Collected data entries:
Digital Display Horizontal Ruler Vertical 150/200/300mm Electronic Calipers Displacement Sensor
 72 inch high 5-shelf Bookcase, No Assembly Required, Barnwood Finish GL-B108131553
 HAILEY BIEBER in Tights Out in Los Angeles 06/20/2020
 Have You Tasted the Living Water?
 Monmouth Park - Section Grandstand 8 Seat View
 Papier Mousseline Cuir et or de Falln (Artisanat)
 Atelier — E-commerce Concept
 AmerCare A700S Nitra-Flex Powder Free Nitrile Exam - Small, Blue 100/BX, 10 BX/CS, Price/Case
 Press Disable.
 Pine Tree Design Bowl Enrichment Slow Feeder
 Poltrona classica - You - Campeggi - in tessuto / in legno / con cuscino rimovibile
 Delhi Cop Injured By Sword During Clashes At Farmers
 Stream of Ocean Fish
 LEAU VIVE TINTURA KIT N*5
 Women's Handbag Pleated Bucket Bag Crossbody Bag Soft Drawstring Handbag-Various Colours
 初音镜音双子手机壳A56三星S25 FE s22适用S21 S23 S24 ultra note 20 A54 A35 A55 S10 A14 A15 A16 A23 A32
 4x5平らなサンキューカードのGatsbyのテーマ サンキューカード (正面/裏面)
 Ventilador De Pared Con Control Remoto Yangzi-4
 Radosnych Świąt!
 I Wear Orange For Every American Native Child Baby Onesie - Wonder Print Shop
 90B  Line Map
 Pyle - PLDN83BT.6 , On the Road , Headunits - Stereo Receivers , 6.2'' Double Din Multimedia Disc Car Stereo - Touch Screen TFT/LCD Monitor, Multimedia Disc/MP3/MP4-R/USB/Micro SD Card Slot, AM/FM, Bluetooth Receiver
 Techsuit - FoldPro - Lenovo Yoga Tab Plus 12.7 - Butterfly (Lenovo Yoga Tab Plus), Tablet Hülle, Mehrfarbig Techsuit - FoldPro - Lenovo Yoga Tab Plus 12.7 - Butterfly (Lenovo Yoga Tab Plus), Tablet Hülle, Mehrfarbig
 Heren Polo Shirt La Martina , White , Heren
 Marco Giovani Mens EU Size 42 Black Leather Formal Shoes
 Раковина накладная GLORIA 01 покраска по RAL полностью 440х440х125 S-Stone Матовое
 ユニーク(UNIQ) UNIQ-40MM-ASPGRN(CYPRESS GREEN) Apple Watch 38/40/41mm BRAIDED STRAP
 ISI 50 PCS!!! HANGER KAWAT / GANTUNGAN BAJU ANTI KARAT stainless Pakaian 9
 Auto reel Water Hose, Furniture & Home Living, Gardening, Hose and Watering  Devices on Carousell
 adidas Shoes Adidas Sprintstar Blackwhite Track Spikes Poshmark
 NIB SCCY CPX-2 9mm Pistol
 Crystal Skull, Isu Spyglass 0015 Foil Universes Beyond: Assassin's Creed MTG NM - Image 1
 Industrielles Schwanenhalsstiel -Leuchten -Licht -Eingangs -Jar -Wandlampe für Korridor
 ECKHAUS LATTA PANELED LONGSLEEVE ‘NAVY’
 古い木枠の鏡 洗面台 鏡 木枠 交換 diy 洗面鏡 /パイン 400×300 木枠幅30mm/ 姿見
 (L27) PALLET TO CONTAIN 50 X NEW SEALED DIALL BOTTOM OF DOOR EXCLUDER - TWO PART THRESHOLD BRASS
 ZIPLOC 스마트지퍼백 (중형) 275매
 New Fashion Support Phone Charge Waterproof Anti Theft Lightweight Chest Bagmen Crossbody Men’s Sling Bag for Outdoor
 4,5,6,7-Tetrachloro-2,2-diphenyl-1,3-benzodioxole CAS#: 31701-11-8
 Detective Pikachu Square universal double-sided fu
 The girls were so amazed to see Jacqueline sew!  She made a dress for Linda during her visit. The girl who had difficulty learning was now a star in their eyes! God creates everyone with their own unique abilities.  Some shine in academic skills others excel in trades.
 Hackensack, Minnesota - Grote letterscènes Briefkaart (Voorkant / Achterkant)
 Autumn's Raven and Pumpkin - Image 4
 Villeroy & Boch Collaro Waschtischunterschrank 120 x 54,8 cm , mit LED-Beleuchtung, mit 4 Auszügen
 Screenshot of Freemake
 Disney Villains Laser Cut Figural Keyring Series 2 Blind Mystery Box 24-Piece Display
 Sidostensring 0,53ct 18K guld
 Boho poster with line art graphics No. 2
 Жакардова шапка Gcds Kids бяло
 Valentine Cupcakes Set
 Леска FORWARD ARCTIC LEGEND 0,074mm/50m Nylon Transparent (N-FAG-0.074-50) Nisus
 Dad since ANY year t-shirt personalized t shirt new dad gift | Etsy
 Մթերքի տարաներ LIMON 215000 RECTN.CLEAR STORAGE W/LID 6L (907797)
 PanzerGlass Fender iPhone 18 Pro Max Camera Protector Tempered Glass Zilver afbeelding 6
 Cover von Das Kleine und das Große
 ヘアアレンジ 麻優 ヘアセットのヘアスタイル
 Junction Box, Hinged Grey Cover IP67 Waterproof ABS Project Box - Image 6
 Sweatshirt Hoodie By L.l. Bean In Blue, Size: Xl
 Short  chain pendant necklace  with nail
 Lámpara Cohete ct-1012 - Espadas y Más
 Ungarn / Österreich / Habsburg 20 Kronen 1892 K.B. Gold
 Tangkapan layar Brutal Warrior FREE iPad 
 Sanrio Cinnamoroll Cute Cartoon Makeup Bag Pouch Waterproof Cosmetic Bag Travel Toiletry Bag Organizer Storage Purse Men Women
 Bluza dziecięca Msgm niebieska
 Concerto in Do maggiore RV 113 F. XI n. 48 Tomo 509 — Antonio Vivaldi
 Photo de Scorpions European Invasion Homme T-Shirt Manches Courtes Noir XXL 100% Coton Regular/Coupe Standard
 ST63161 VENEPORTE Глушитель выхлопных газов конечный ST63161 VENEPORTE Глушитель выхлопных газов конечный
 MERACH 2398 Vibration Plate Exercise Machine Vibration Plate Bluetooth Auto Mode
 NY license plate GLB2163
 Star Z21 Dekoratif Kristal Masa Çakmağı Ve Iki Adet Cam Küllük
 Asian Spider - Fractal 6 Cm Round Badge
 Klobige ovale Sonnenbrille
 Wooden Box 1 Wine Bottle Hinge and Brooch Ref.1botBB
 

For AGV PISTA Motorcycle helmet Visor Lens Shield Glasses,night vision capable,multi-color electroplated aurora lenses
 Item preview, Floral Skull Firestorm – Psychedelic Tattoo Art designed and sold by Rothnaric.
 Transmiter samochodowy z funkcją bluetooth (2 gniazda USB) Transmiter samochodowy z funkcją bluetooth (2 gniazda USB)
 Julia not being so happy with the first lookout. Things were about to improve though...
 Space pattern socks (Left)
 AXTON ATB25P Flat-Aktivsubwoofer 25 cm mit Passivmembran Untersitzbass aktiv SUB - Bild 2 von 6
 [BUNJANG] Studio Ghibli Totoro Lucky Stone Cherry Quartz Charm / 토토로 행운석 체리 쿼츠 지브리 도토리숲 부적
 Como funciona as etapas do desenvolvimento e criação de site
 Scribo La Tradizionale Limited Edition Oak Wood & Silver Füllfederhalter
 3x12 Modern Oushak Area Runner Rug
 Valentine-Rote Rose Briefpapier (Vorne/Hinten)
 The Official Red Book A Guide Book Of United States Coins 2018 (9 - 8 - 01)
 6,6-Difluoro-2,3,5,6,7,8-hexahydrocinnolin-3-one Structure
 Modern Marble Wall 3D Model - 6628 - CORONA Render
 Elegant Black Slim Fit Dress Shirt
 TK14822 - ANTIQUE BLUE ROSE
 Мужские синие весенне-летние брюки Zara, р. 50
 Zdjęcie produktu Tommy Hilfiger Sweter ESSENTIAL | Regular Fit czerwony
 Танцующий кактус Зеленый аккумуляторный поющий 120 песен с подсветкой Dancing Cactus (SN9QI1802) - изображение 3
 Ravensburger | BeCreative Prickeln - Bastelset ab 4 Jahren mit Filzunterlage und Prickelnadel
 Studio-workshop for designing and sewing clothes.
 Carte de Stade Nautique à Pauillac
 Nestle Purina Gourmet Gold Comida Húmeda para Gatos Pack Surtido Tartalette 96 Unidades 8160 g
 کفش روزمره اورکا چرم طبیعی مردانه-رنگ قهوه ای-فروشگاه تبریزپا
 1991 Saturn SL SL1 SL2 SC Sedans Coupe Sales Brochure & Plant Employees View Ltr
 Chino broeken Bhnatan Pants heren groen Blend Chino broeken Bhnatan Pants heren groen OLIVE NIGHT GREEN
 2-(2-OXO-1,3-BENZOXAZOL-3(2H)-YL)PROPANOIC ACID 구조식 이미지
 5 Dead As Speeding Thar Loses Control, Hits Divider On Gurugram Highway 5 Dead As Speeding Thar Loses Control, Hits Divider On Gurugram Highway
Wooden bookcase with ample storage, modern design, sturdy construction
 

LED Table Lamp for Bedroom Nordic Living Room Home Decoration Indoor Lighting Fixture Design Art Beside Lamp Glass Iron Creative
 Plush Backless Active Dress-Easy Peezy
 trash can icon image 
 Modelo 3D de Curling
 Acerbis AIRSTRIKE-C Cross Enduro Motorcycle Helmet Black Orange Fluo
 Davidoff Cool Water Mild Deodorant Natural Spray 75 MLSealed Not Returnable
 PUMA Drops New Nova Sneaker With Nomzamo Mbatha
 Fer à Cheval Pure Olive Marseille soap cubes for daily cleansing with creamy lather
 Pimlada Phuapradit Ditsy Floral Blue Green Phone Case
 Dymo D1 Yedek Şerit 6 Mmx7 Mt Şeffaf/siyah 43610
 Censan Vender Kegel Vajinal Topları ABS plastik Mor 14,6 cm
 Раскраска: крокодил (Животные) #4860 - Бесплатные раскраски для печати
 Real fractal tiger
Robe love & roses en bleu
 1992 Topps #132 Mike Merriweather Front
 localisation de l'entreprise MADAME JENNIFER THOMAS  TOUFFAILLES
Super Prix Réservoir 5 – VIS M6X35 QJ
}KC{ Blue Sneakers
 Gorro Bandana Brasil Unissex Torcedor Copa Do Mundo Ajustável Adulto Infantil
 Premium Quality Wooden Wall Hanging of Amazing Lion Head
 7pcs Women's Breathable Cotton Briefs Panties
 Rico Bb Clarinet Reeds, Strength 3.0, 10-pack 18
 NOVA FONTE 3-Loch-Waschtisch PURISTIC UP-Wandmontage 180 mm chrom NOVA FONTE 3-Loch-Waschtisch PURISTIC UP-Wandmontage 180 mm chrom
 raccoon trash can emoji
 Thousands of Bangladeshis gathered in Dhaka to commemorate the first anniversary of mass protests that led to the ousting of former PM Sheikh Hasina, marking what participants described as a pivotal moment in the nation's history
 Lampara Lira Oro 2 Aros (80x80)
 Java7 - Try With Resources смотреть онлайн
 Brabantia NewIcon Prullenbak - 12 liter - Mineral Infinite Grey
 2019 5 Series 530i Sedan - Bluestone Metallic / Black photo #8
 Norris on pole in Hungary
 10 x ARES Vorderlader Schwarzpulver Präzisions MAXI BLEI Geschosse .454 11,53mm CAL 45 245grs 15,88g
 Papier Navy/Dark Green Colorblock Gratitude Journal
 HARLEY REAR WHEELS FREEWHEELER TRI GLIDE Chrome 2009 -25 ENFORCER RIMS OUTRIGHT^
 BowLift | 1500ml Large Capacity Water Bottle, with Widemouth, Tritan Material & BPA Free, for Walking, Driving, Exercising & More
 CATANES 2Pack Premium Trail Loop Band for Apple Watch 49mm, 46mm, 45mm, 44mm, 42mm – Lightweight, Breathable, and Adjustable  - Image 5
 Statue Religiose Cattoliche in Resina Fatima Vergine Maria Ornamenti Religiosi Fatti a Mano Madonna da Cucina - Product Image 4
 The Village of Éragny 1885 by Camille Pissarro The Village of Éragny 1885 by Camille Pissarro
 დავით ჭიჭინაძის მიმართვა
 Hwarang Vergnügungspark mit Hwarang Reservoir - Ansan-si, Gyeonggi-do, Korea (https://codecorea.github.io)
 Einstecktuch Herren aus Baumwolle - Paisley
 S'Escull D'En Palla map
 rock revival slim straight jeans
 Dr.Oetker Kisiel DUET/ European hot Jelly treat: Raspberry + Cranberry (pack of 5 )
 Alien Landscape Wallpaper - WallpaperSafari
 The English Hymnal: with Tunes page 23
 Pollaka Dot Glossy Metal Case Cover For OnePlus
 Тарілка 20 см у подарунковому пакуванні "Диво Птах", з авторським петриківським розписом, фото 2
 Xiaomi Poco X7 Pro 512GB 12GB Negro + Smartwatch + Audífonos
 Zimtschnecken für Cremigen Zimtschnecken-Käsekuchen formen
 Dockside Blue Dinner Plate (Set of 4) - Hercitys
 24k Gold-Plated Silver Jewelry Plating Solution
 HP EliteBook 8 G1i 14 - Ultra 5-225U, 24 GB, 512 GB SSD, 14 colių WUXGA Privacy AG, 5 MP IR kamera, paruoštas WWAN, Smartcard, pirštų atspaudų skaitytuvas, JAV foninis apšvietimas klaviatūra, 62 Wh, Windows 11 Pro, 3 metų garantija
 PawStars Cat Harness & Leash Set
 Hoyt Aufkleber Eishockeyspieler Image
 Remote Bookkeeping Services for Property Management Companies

EXERCISE DESCRIPTION: Please transcribe exactly the lines above from the line that has "Klobige ovale Sonnenbrille" up to and including the line that has "Мужские синие весенне-летние"; no other line belongs in the answer.

OUTPUT OF THE EXERCISE:
 Klobige ovale Sonnenbrille
 Wooden Box 1 Wine Bottle Hinge and Brooch Ref.1botBB
 

For AGV PISTA Motorcycle helmet Visor Lens Shield Glasses,night vision capable,multi-color electroplated aurora lenses
 Item preview, Floral Skull Firestorm – Psychedelic Tattoo Art designed and sold by Rothnaric.
 Transmiter samochodowy z funkcją bluetooth (2 gniazda USB) Transmiter samochodowy z funkcją bluetooth (2 gniazda USB)
 Julia not being so happy with the first lookout. Things were about to improve though...
 Space pattern socks (Left)
 AXTON ATB25P Flat-Aktivsubwoofer 25 cm mit Passivmembran Untersitzbass aktiv SUB - Bild 2 von 6
 [BUNJANG] Studio Ghibli Totoro Lucky Stone Cherry Quartz Charm / 토토로 행운석 체리 쿼츠 지브리 도토리숲 부적
 Como funciona as etapas do desenvolvimento e criação de site
 Scribo La Tradizionale Limited Edition Oak Wood & Silver Füllfederhalter
 3x12 Modern Oushak Area Runner Rug
 Valentine-Rote Rose Briefpapier (Vorne/Hinten)
 The Official Red Book A Guide Book Of United States Coins 2018 (9 - 8 - 01)
 6,6-Difluoro-2,3,5,6,7,8-hexahydrocinnolin-3-one Structure
 Modern Marble Wall 3D Model - 6628 - CORONA Render
 Elegant Black Slim Fit Dress Shirt
 TK14822 - ANTIQUE BLUE ROSE
 Мужские синие весенне-летние брюки Zara, р. 50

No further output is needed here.